Aveva trovato uno per uno tutti i Carabinieri e i Poliziotti che erano stati nel carcere nello stesso giorno in cui suo padre venne trovato morto, e piano piano aveva ristretto il cerchio fino ad arrivare a una rosa di cinque nomi, tra i quali c’era assolutamente il suo uomo. Voleva che suo padre ricevesse vendetta, e non si sarebbe fermato.

“Giancarlo, sono arrivate perfino minacce telefoniche!” Lo scongiurò Salvatore.

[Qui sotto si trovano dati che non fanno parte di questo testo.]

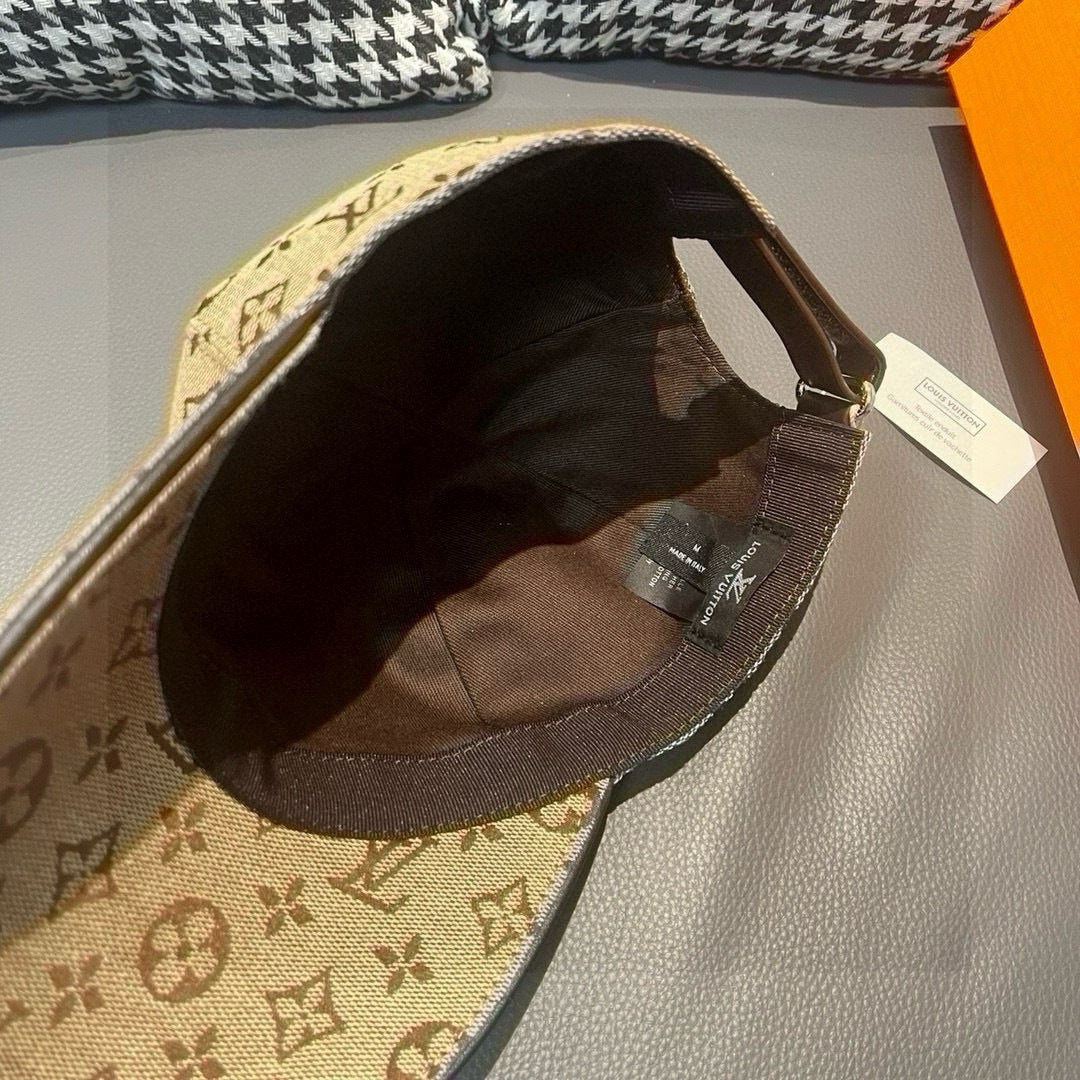 CASQUETTE LOUIS VUITTON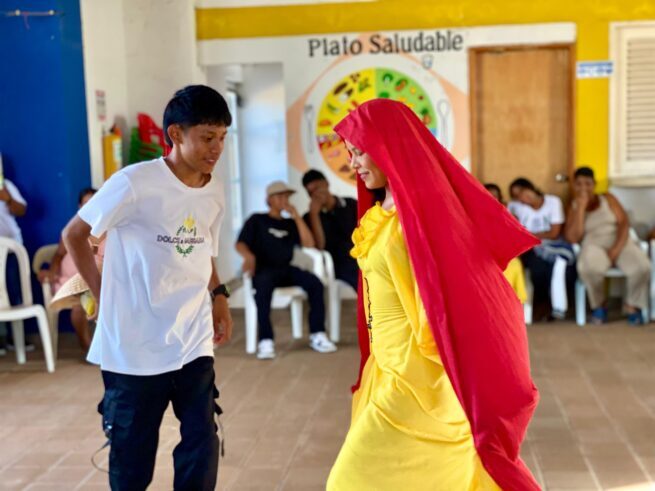 Icbf conecta a la niñez wayúu con sus raíces para preservar su legado cultural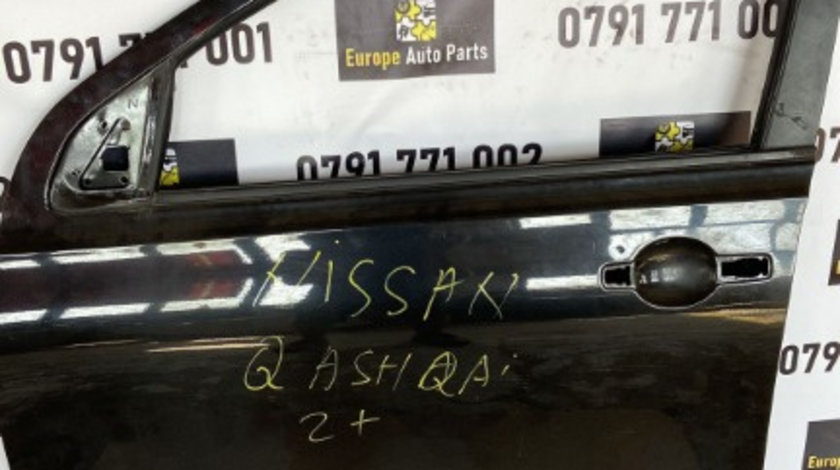 Maner usa stanga fata Nissan Qashqai 2 plus 1.6 dci cod motor R9M cod 2012
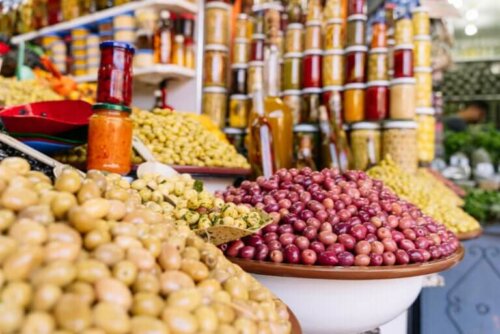 Le régime alimentaire durable repose sur une alimentation à base d'aliments de saison.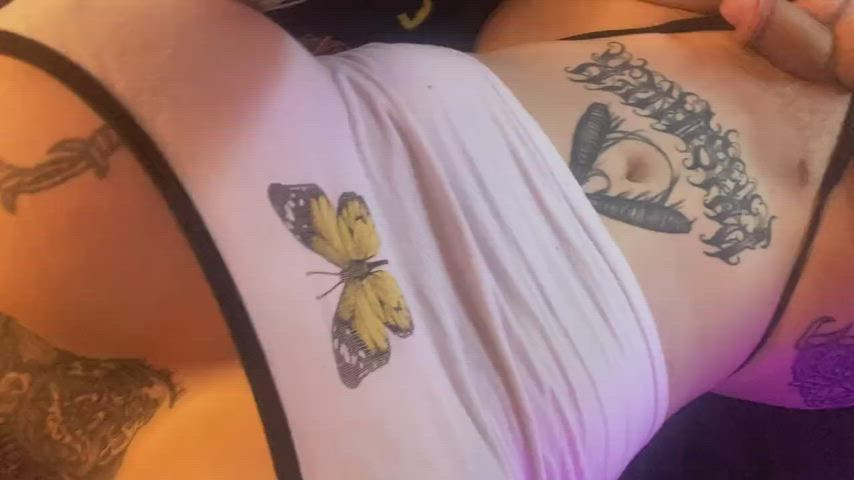 Tattoo Thick Trans gif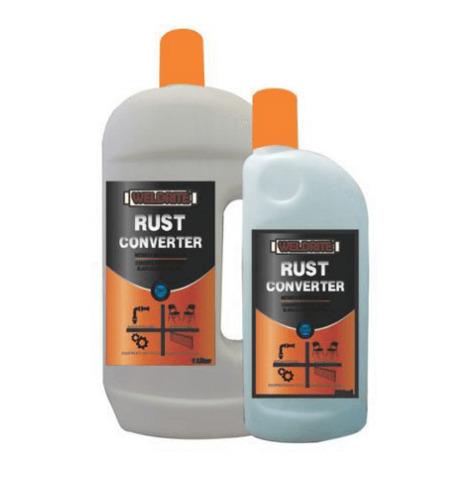 Rust Converter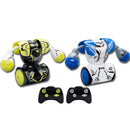 Silverlit Robot RC Robo Kombat Robots met Licht en Geluid 2 Stuks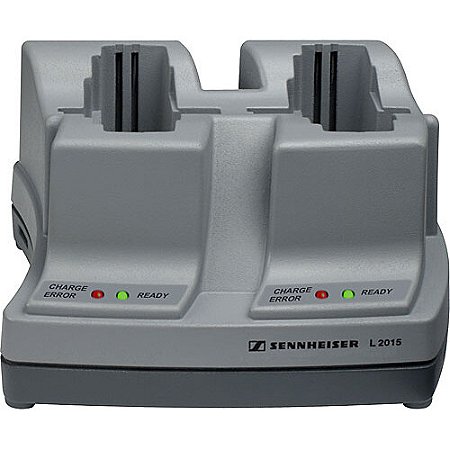 SENNHEISER L2015G2 CHARGING STATION WITH POWER SUPPLY KIT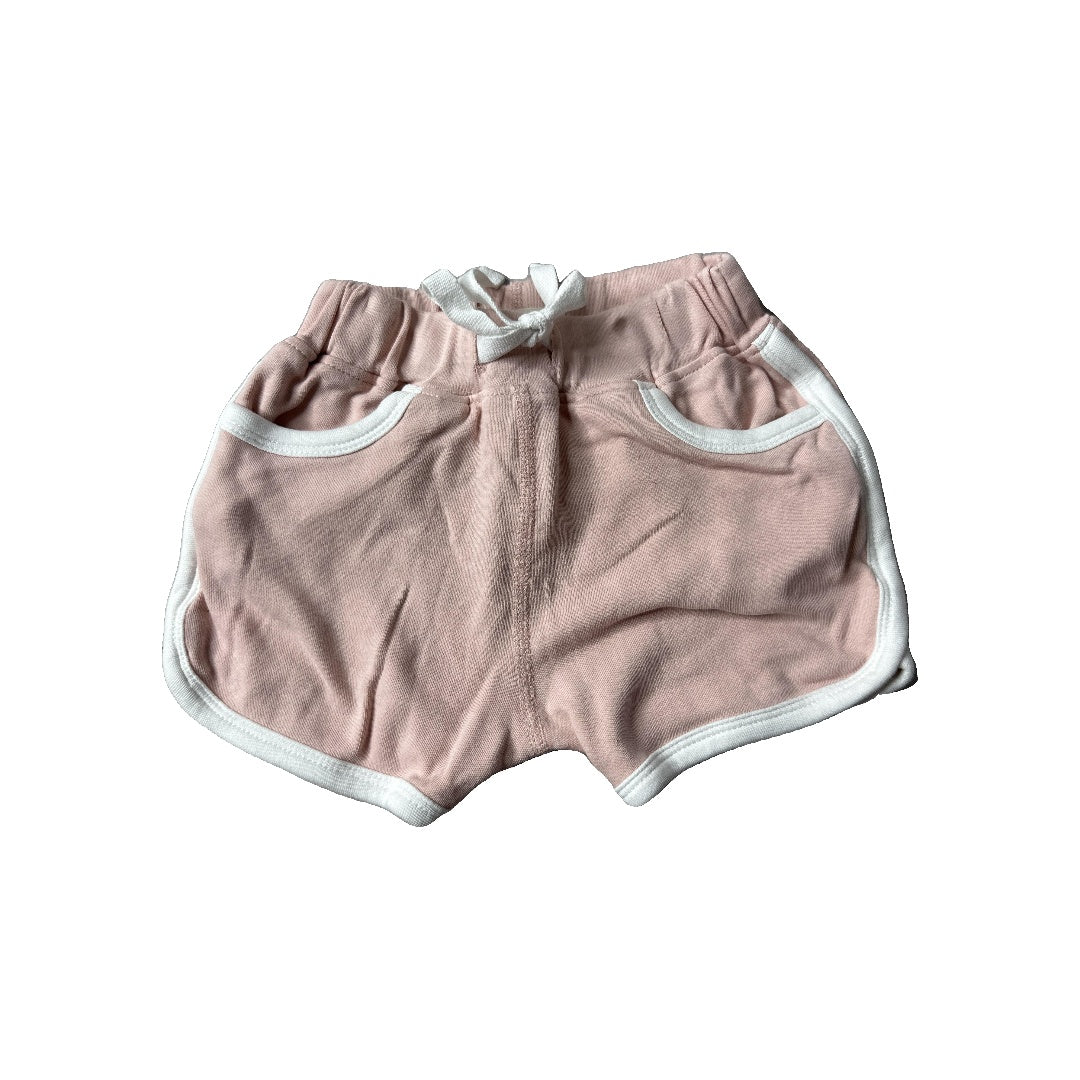 Sapling Girls pink Shorts Size: 12-18 months pink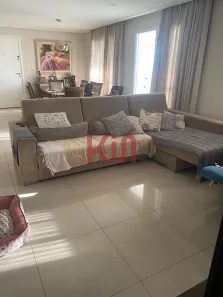 Apartamento com 3 Quartos à venda, 136m² no Vila Dom Pedro I, São Paulo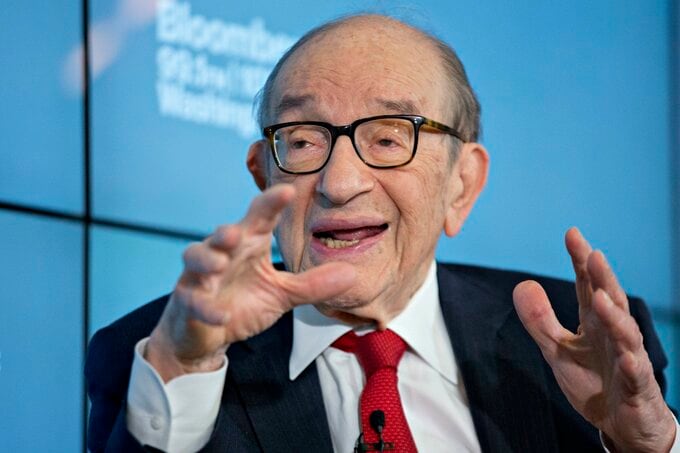 グリーンスパン氏の功罪－「根拠なき熱狂」から世界金融危機の影まで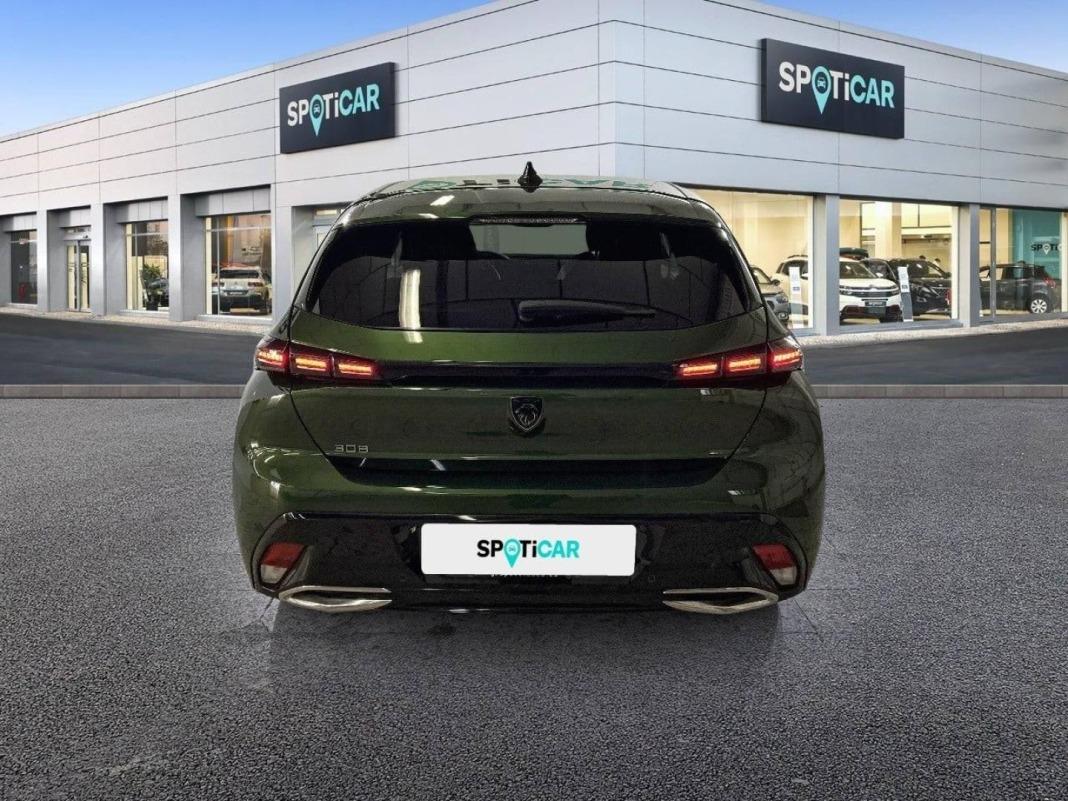 Peugeot 308 5P Allure Pack Puretech 130 S&S MAN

“Ne sono a conoscenza, Salvo.”

L’uomo era davvero combattuto. “Non sono tuo padre, ma potrei esserlo, e sono comunque preoccupato. Non sai contro chi ti stai mettendo! Il giornale stesso è in pericolo se continui su questa strada.”

“Tranquillo… ho messo bene in chiaro che sono io l’unico responsabile di quegli articoli; non ho voluto nemmeno l’aiuto di Romina come faccio di solito.”

Salvatore non seppe cos’altro aggiungere, conosceva Giancarlo e sapeva che quando si metteva in testa una cosa era impossibile fargli cambiare idea.

“D’accordo… sappi solo che mi preoccupo.” Si rassegnò e tornò alla sua scrivania.

“Non hai motivo di preoccuparti.” Lo rassicurò l'ultima volta e se ne andò dalla redazione.

Entrò in casa alcuni minuti dopo, fortunatamente non abitava troppo lontano, e camminò al buio fino alla sua stanza per non svegliare sua madre.

Si spogliò e si infilò sotto le coperte. Rilassandosi si permise di guardare il suo cellulare e rileggere il messaggio di Selvaggia. Voleva sentirla un po’ più vicina a sé. Sfogliò le foto che le aveva fatto durante i loro pomeriggi insieme.

Dio, com’era bella!

Di colpo fu raggiunto dal pensiero che le persone contro cui si era messo potessero fare qualcosa anche a lei per fargli capire che non stavano scherzando. Come mai non ci aveva pensato prima? Le vendette trasversali non erano rare tra i mafiosi, avrebbe dovuto saperlo!

Per la prima volta da quando era andato a parlare con quel detenuto, ebbe veramente paura.